Translation troubles: electoral edition

A look at some of the bilingual struggles the Herald faced when covering the primaries

Last Sunday we had the Argentine primary elections (PASO for their Spanish acronym) with a plethora of electoral phrases and terminology coming up even before the vote took place. Here are four examples — with many more to come before the general election in October.

Que se vayan todos

This is a classic Argentine phrase that had already come up in different stories unrelated to the elections and then elbowed its way to the forefront being chanted by supporters of a certain far-right candidate who clinched a third of the votes in Sunday’s primaries.

Que se vayan todos, “let everyone leave,” was a demand born in marches protesting the turmoil that led to the 2001 socioeconomic crisis. It was a general call for the entire system to be upended and politicians to step down following years of economic downturn, a demand for real change.

The term has become a shorthand for expressing anger and the fervent desire for real change — in fact, when we did translate it, it was in the voices of angry football fans. Despite its almost everyday nature, hearing it being chanted in support of a presidential candidate was bizarre.

Carancheo electoral 

This one came up in conversation in the newsroom. The week preceding the PASO was a difficult one marked by violence, including the death of an 11-year-old girl in a fatal robbery at the doors of her school in Lanús. In reading Argentine news stories, our intern Molly read the term carancheo electoral — evoking politicians swooping down like vultures to make the most of a situation to garner more votes. 

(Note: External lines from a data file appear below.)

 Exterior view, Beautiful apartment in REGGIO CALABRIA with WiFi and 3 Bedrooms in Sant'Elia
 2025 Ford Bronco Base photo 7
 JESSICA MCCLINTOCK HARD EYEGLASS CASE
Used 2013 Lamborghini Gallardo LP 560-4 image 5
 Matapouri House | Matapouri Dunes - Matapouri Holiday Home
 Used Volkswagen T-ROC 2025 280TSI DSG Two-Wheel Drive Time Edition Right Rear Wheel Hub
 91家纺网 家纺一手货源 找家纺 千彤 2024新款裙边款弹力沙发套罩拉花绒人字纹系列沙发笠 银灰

Caranchos (Caracara plancus) technically aren’t vultures but are carrion feeders, hence being made into a verb to describe political expediency and, often, lawyers. It’s kind of a better insult when you overthink it — as I am wont to do with translation troubles — because they are in fact opportunistic raptors that just can’t be bothered to hunt most of the time. 

They are also used to decry something messy because their nests are famous for looking, well, disheveled. If someone says your hair looks like a nido de caranchos (carancho nest), get a comb and maybe someone else to talk to, stat.

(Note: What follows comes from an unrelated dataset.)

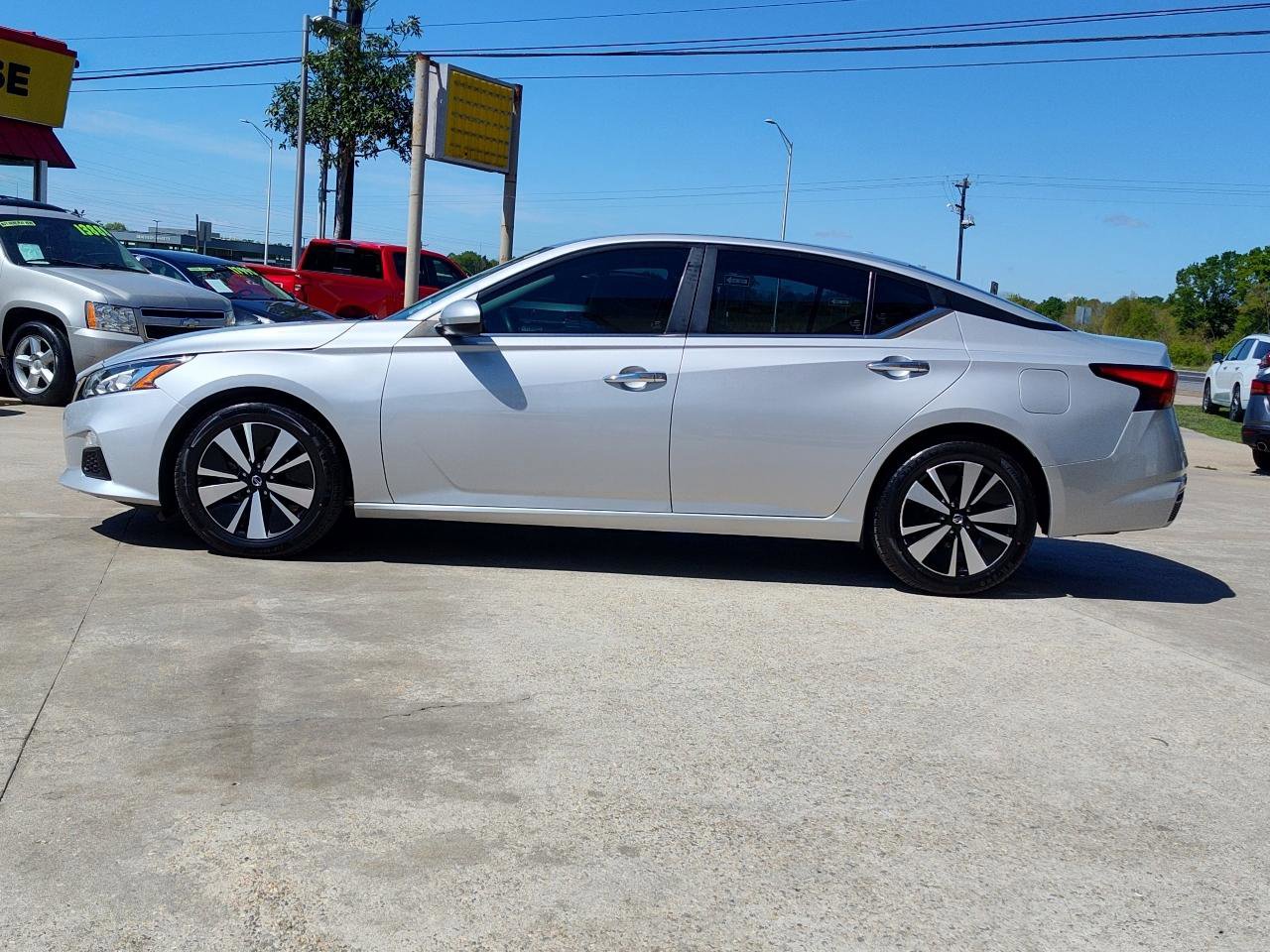 Used 2021 Nissan Altima 2.5 SV image 3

Argentine candidates wait for the results in their respective party or coalition’s “bunkers” — an olive branch seemingly outstretched between battling JxC candidates Horacio Rodríguez Larreta and Patricia Bullrich when it was announced that they would await the results together. In searching for the origins of the term, búnker político is apparently a Spanish term for an extreme right-wing group resistant to political change toward the end of Spanish dictator Francisco Franco’s regime. In Argentina, it’s just a hotel or community center where politicians, journalists and supporters hang out on election night — not to diminish the importance of the place that inspired one of PoxyClub’s greatest hits from 2011.

Anyway. We ended up going with “campaign headquarters,” which is a simple enough translation, but modern examples of búnker with that meaning seem to be exclusive to Argentine electoral coverage. And it sounds so hardcore to wait for the vote count holed up in a bunker as if awaiting nuclear war.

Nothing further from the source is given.